Every line of the material is to be returned verbatim. Pictures stay out.

* MATERIAL FOR THE TASK:
* * * *
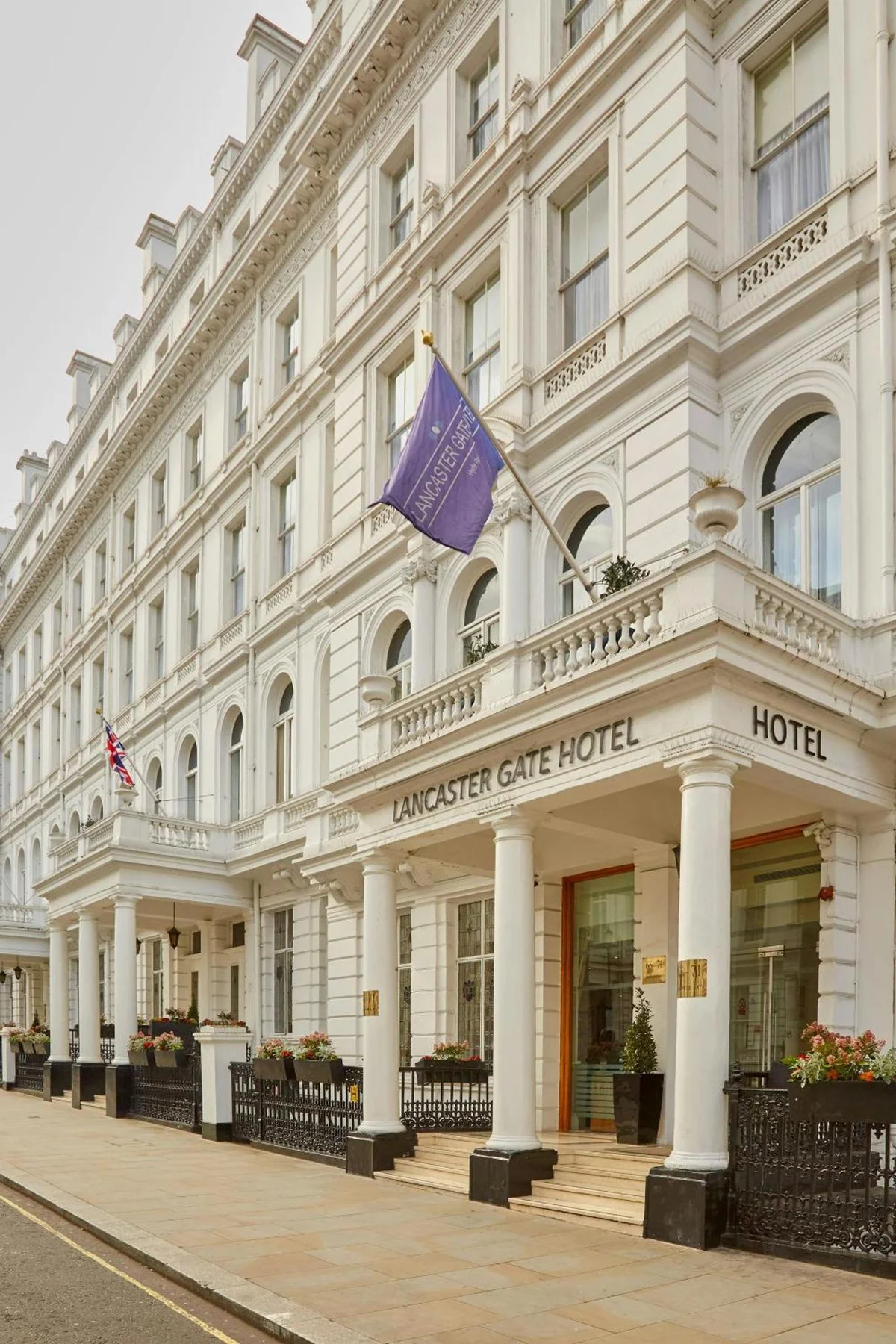 Park Grand London Lancaster Gate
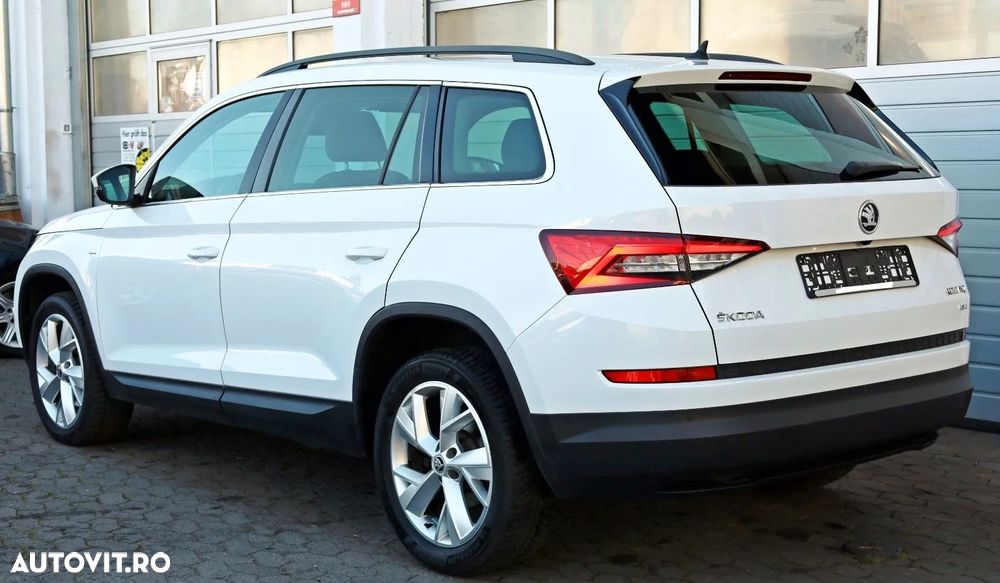 Skoda Kodiaq - 10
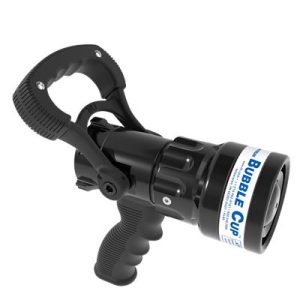 BUBBLE CUP W/GRIP 1.5"FEMALE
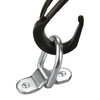 VEHIRIE 6 Pack D-Ring Tie Downs Anchors 1/4" Heavy Duty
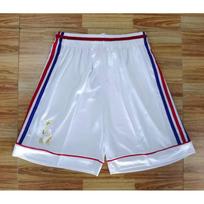 1998 France Retro Football Jersey High Quality Collectible Sportswear Men Women XXL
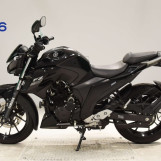Мотоцикл Yamaha FZ250 FAZER з пробігом 14020 km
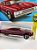 Hot Wheels Layin Lowrider Vermelho - Imagem 2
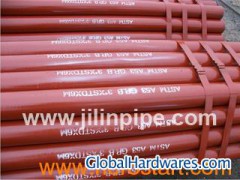 ASTM A53 GR B pipe图1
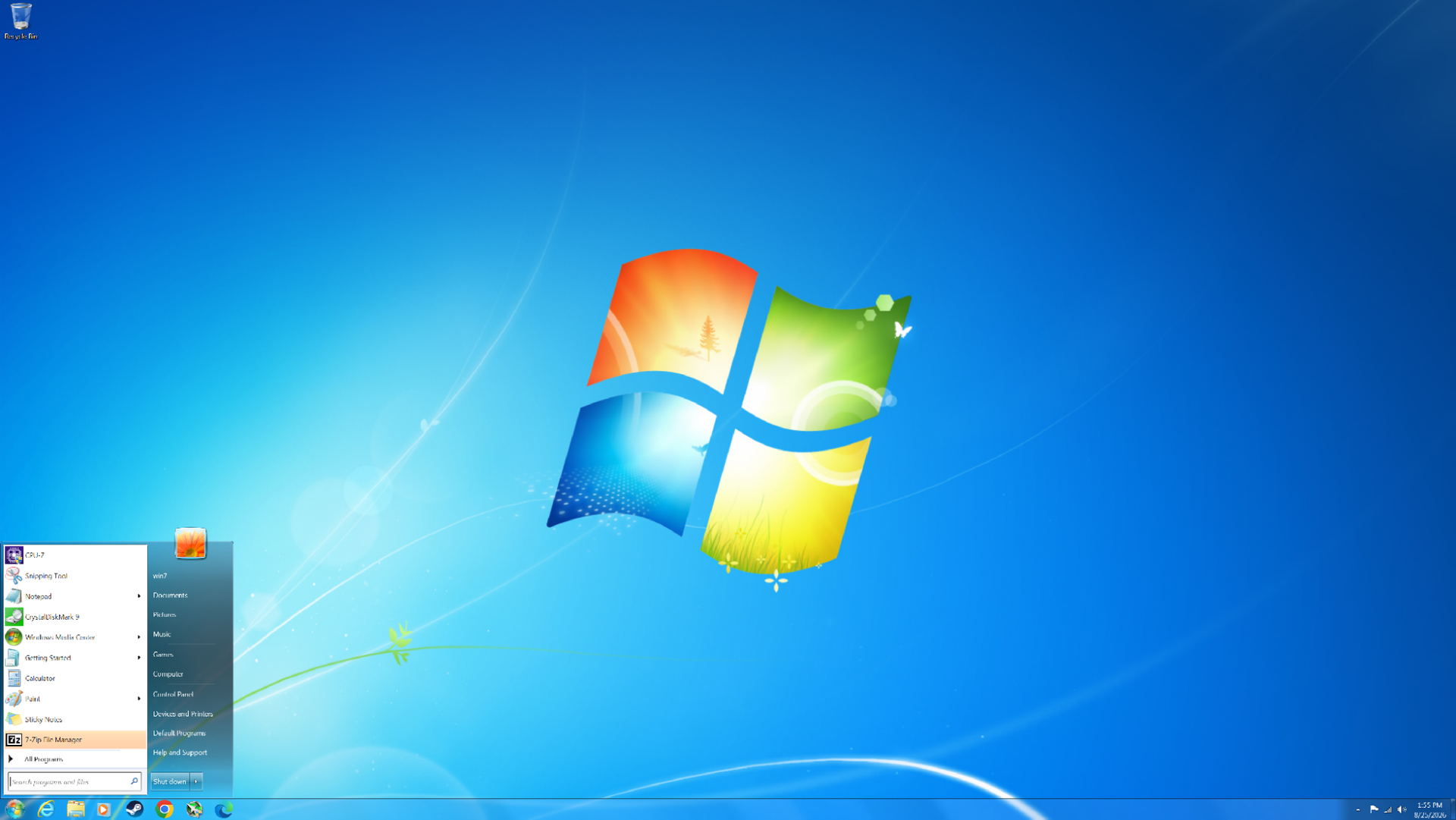 Windows 7 Masih Kalahkan Windows 11 di 10 Game PC Modern
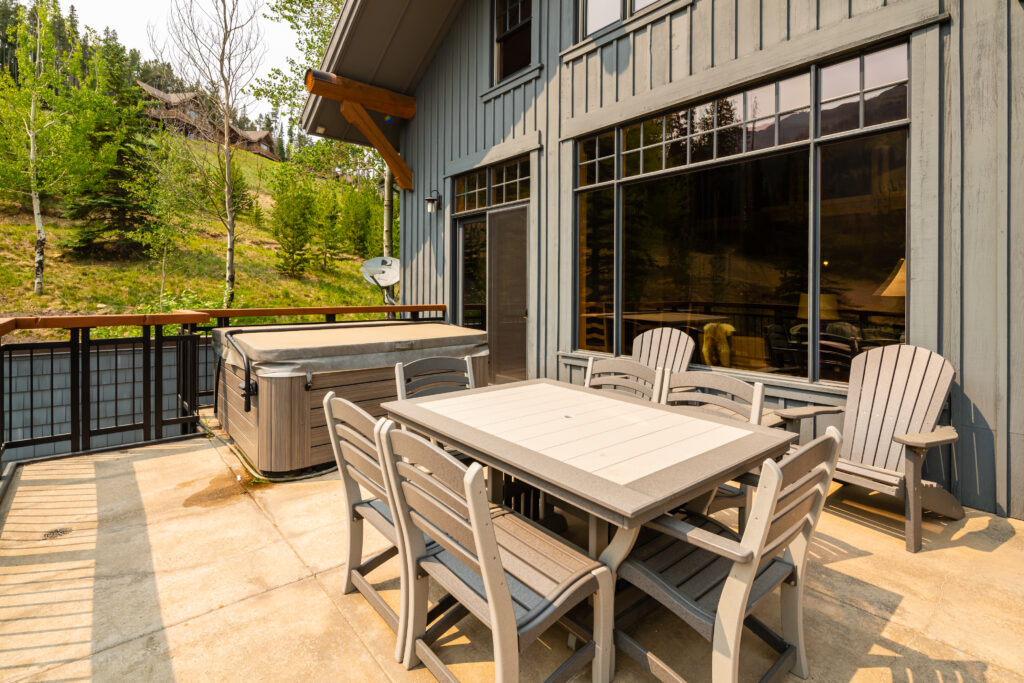 Big Sky Home 1000529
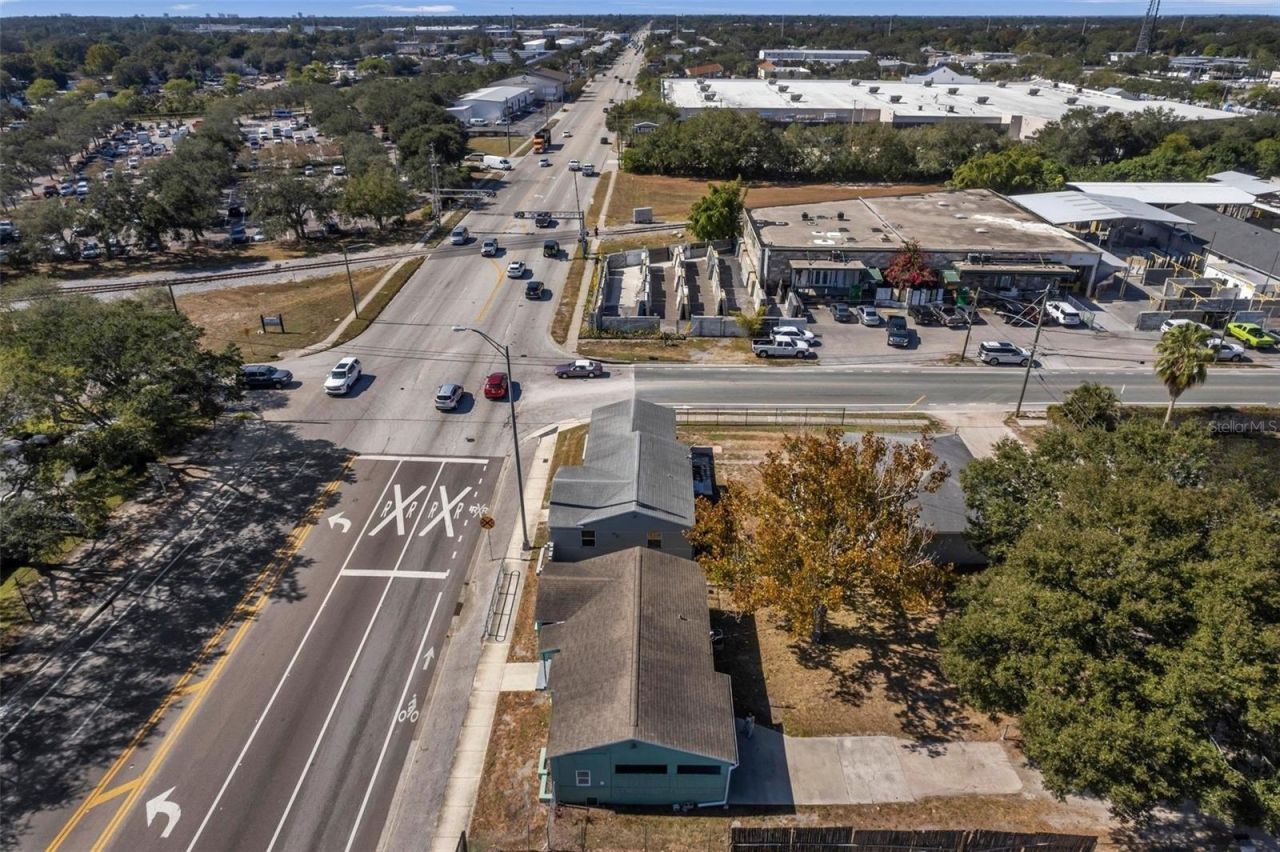 2169 & 2179 22nd Avenue N, Saint Petersburg, FL 33713 Photo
* * * *
* YOUR RESPONSE:
 Park Grand London Lancaster Gate
 Skoda Kodiaq - 10
 BUBBLE CUP W/GRIP 1.5"FEMALE
 VEHIRIE 6 Pack D-Ring Tie Downs Anchors 1/4" Heavy Duty
 1998 France Retro Football Jersey High Quality Collectible Sportswear Men Women XXL
Мотоцикл Yamaha FZ250 FAZER з пробігом 14020 km
 Hot Wheels Layin Lowrider Vermelho - Imagem 2
 ASTM A53 GR B pipe图1
 Windows 7 Masih Kalahkan Windows 11 di 10 Game PC Modern
 Big Sky Home 1000529
 2169 & 2179 22nd Avenue N, Saint Petersburg, FL 33713 Photo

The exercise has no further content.